Holding şirketlerin esas gayelerinin Türk Ticaret Yasasının 466/4. maddesindeki, başka işletmelere iştirak olarak belirtilen hükmüne göre Holdingler, Sınai ve Ticari faaliyetler ile doğrudan doğruya iştigal edememektedirler. İştirakin oranı yasa tarafından belirtilmemiştir. Ancak bir işletmeye hakim olabilmek için sermayesinin en az % 51′ine sahip olmak gerektiği açıktır.

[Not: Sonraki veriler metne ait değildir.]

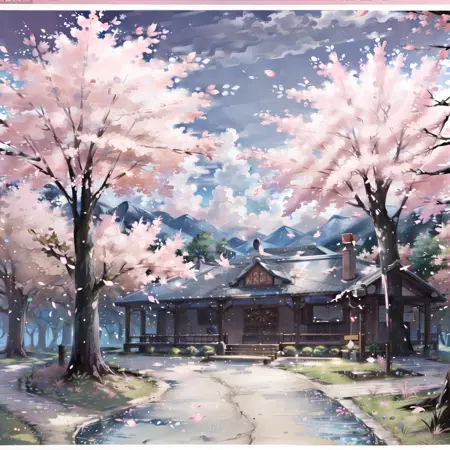 LMJA Sakura Trees Lora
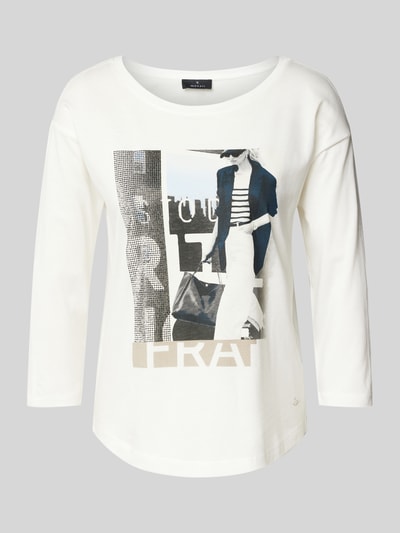 monari Longsleeve mit Motiv-Print Offwhite 2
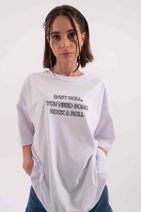 TRUGGS Baby Doll Baskı Detaylı Super Oversize Kadın T-shirt - 3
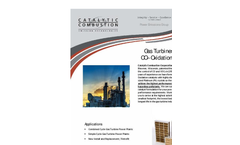 Gas Turbines - HRSGs CO - Oxidation Catalys - Brochure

İştirakin diğer bir gayesi ise yavru şirketlerin sermayelerinin çoğunluğuna sahip olarak, bu şirketleri tek elden, tek bir yönetim ve mali organizasyon altında yönetmektir.
Holding Şirketlerin, Anonim Şirket olarak kuruluyor olmalarından dolayı, kuruluş ve işleyişleri açısından Anonim Şirketten hiç bir farkları yoktur. Ana sözleşmelerin “Amaç ve Konu” başlıklı maddesinin Türk Ticaret Yasası’nın 466/4 maddesinde konu edildiği şekilde tanzim edilmesi gerekmektedir. Ana sözleşmenin yedek akçeler maddesi ise; Türk Ticaret Yasası’nın 466 maddesinin 2. fıkrasının 3 numaralı bendi ve 3. fıkra hükmü Holding Şirketler için uygulanmayacağı hükmüne uyularak düzenlenmelidir. Türk Ticaret Yasasının 466. Maddesinin 2. Fıkrasının 3 numaralı bendi uygulanmayacağına göre Yasal yedek akçe ve % 5 ortaklar için kâr payı ayrıldıktan sonra pay sahipleriyle kâra iştirak eden diğer kimselere dağıtılması kararlaştırılmış olan kısmın onda biri yasal yedek akçeye ikinci ayrım olarak ilave edilemeyecektir. Ayrıca 3. fıkra hükmü uygulanmayacağına göre, umumi yedek akçeler esas sermayenin yarısını geçmedikçe, münhasıran ziyanların kapatılmasına, yahut işlerin iyi gitmediği zamanlarda işletmeyi idameye, işsizliğin önüne geçmeye veya neticelerini hafifletmeye elverişli tedbirler alınması için sarf olunamayacaktır.
1. Kuruluş,
Holdingler Anonim Şirket olarak kurulduklarından anonim şirketlerin kuruluşlarındaki işlemlerden farklılık gösteren tek yanı ana sözleşmenin “Amaç ve Konu” ile “Kârın Dağıtımı” maddelerinin Türk Ticaret Yasasının yukarıda sözü edildiği şekilde düzenlenmeleri zorunluluğundan kaynaklanmaktadır.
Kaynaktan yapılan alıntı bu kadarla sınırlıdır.